Healthymagination aims to do three things—lower health care costs, make care more broadly available and improve quality. That’s a tall order. In part, it will require a shift in thinking, away from making high-quality, expensive, cutting-edge products aimed at the U.S. market and towards making lower-cost products that are good enough to do the job in the global south, where more than 2 million people lack access to basic health care. Immelt told me that GE can make money serving the poor, citing, as an example, a product called the Lullaby Warmer that keeps infants warm after they are born. It can both make healthy margins for GE and lower infant mortality rates. GE is trying to serve the bottom of the pyramid, to borrow a phrase from business thinker C.K. Prahalad.
There’s lots, lots more, including video, at GE’s sleek, new Healthymagination website. Video of my interview of Immelt should be posted Friday at fortune.com. Here’s how my story begins:
GE and its chief executive, Jeff Immelt, announced Thursday a sweeping new healthcare initiative dubbed Healthymagination that the company says will help deliver better care to more people at lower cost.
With typical hoopla – a well-attended press conference with customers and health-care experts, a live webcast, full-page newspaper ads and even a Twitter feed – GE wrapped a big marketing campaign around a business, health care, that has been part of the company for more than a century, when it began making x-ray machines.

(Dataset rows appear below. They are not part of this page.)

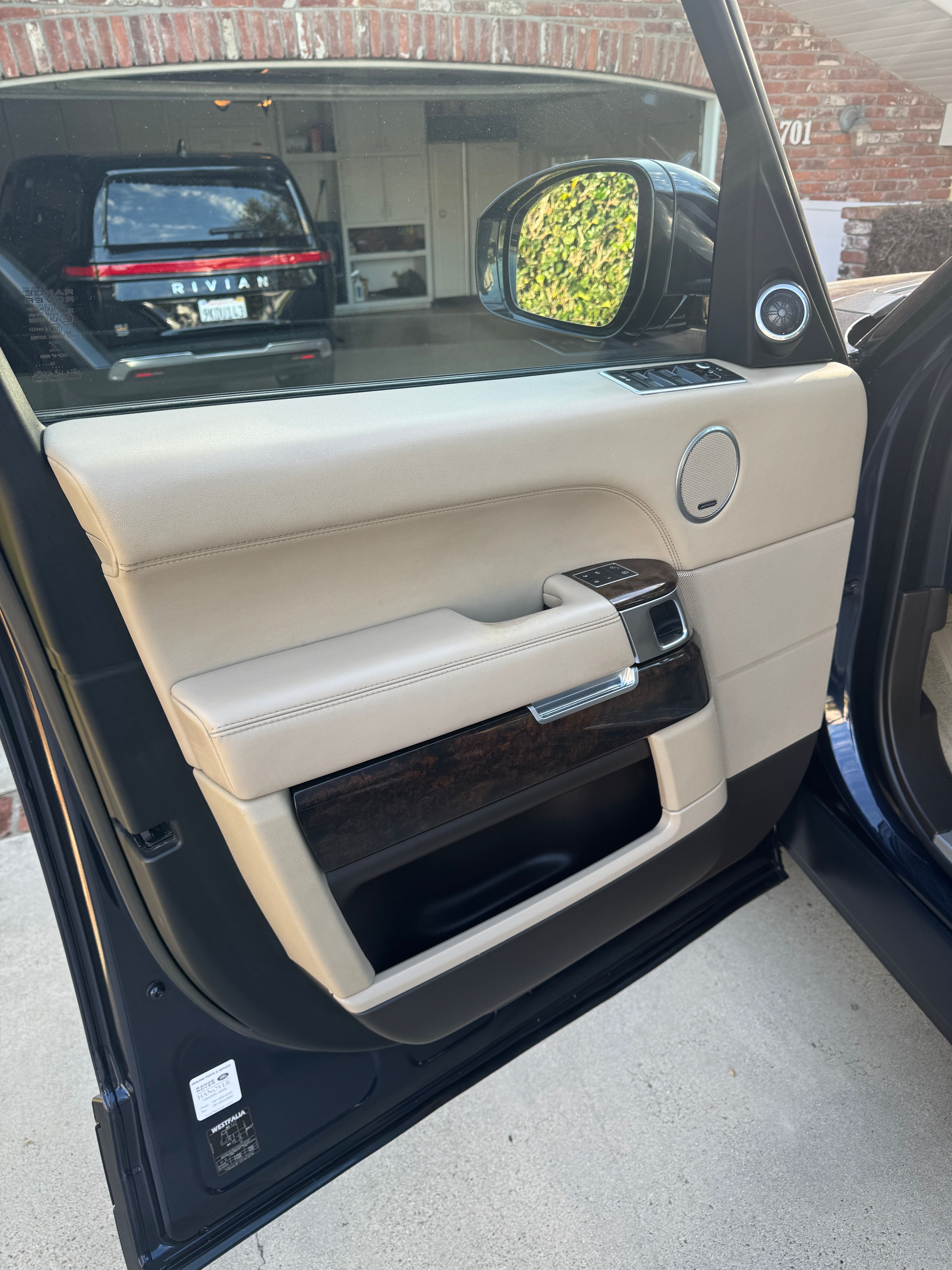 Used 2014 Land Rover Range Rover Supercharged AWD/4WD image 10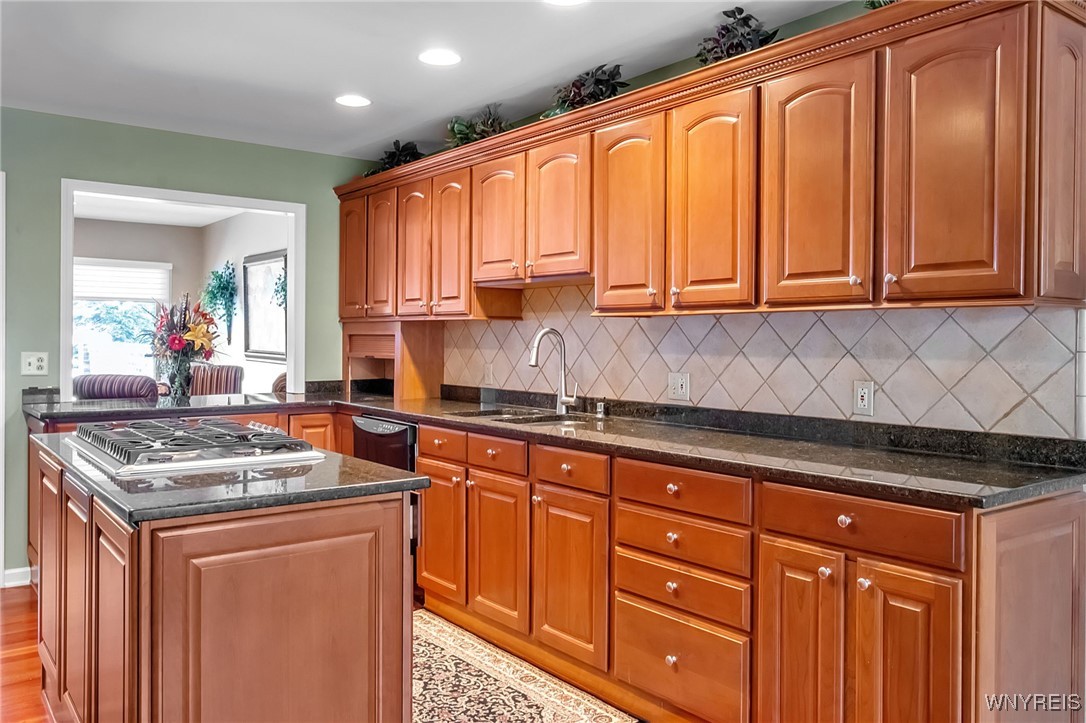 122 Hidden Ridge Common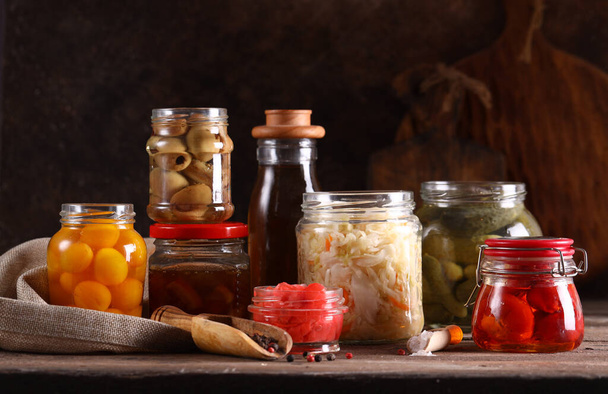 fermentoidut vihannekset lasipurkeissa terveellinen ruoka - Valokuva, kuva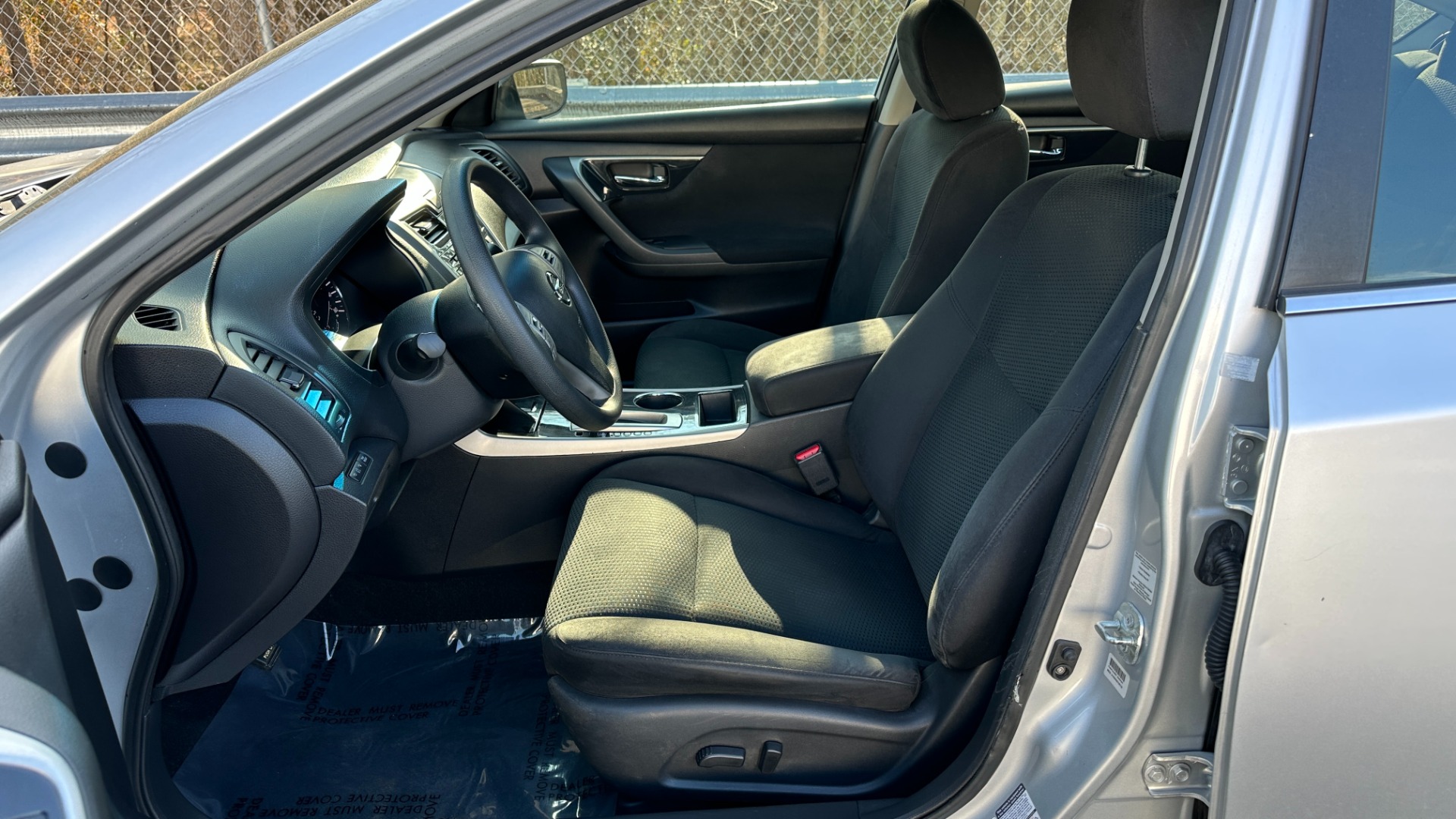 Used 2014 Nissan Altima 2.5 S / CLOTH / 4CYL / BODY SIDE MOLDING / RADIO for sale Sold at Formula Imports in Charlotte NC 28227 11
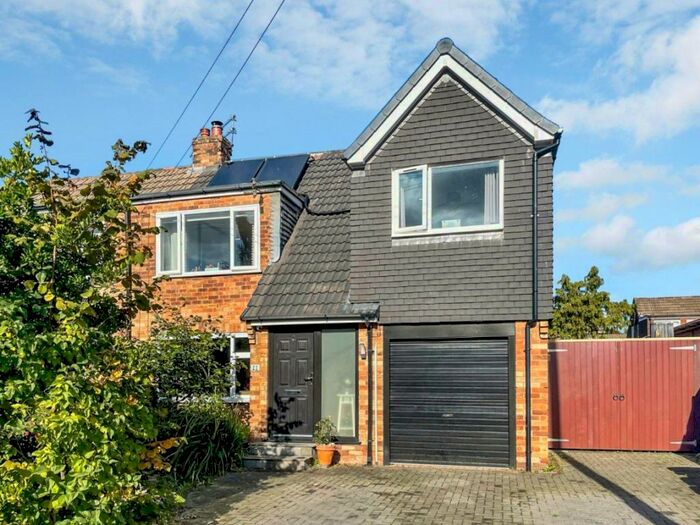 5 Bedroom House To Rent In Cromwell Avenue, Marple, Stockport, SK6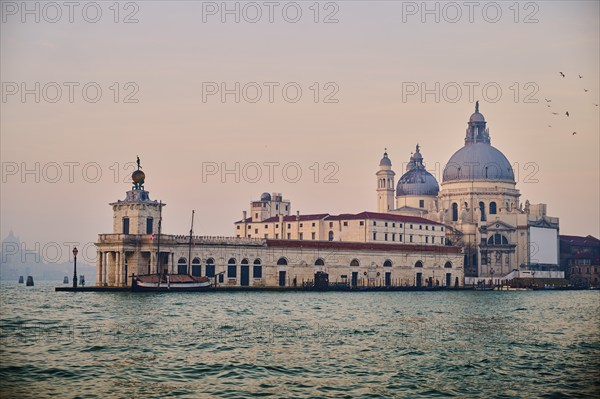 View from 'Colonna di San Marco e San Teodoro' on church 'Basilica di Santa Maria della Salute' on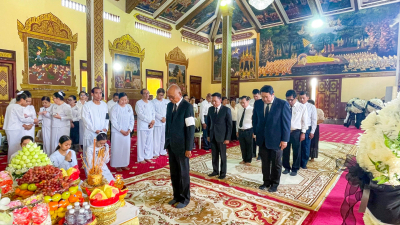 តំណាងក្រសួងការងារ ចូលរួមគោរពវិញ្ញាណក្ខន្ធអគ្គមហាឧបាសិកាពុទ្ធសាសនូបត្ថម្ភក៍ ឌី សានឿន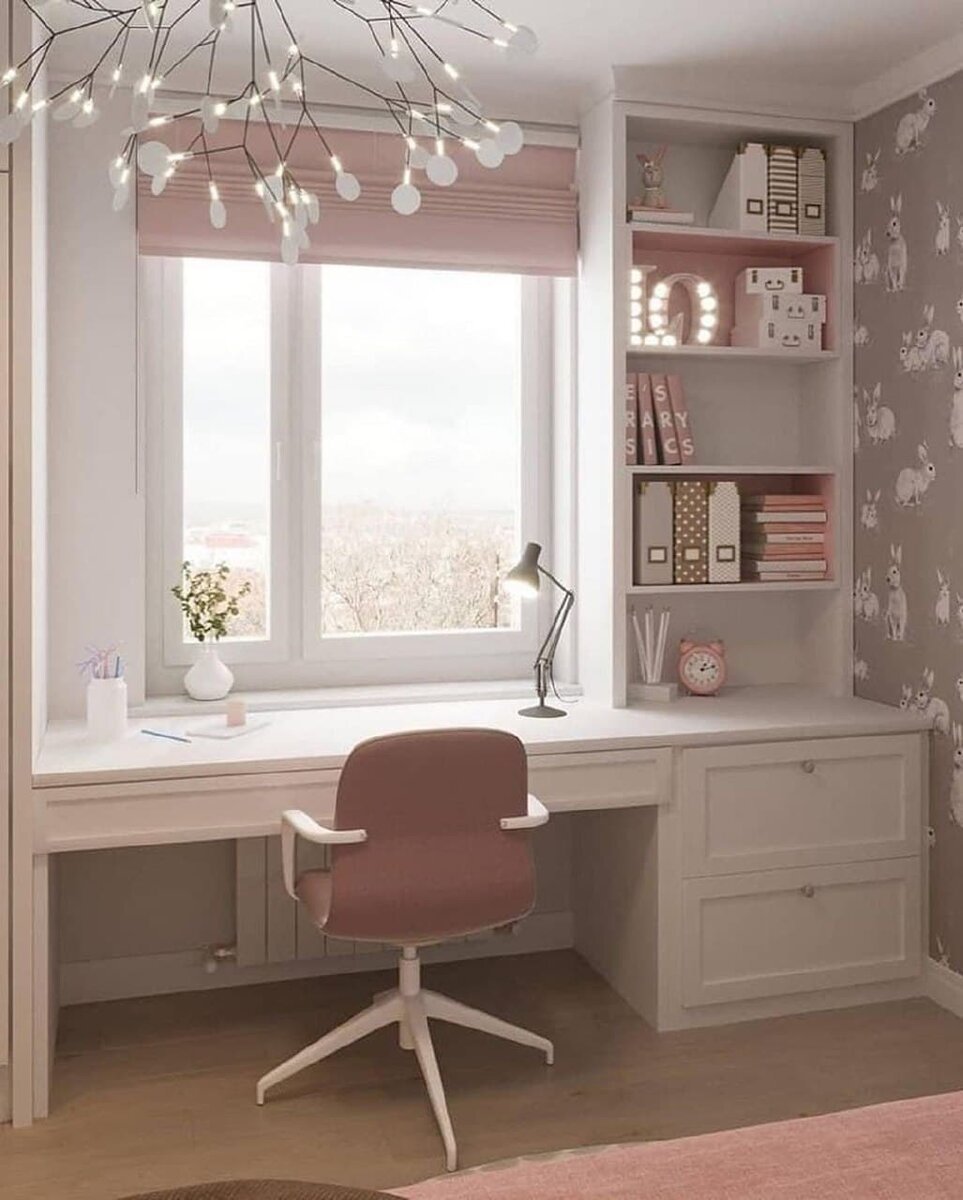 Стол около окна в детской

The health care initiative is modeled on GE’s Ecomagination project, which was launched in 2005 to drive the company’s energy, environment and clean water businesse.
Like EcoMagination with its “green-is-green” mantra, Healthymagination has a catch phrase of its own. “Health means wealth,” Immelt declared. GE, he said, thinks it can make money by providing health care more broadly and at lower cost, including some of the 2 billion people who do not have access to doctors or clinics.
You can read the rest here.
So what’s next for GE? Moneymagination, to fight global poverty? Don’t bet against it.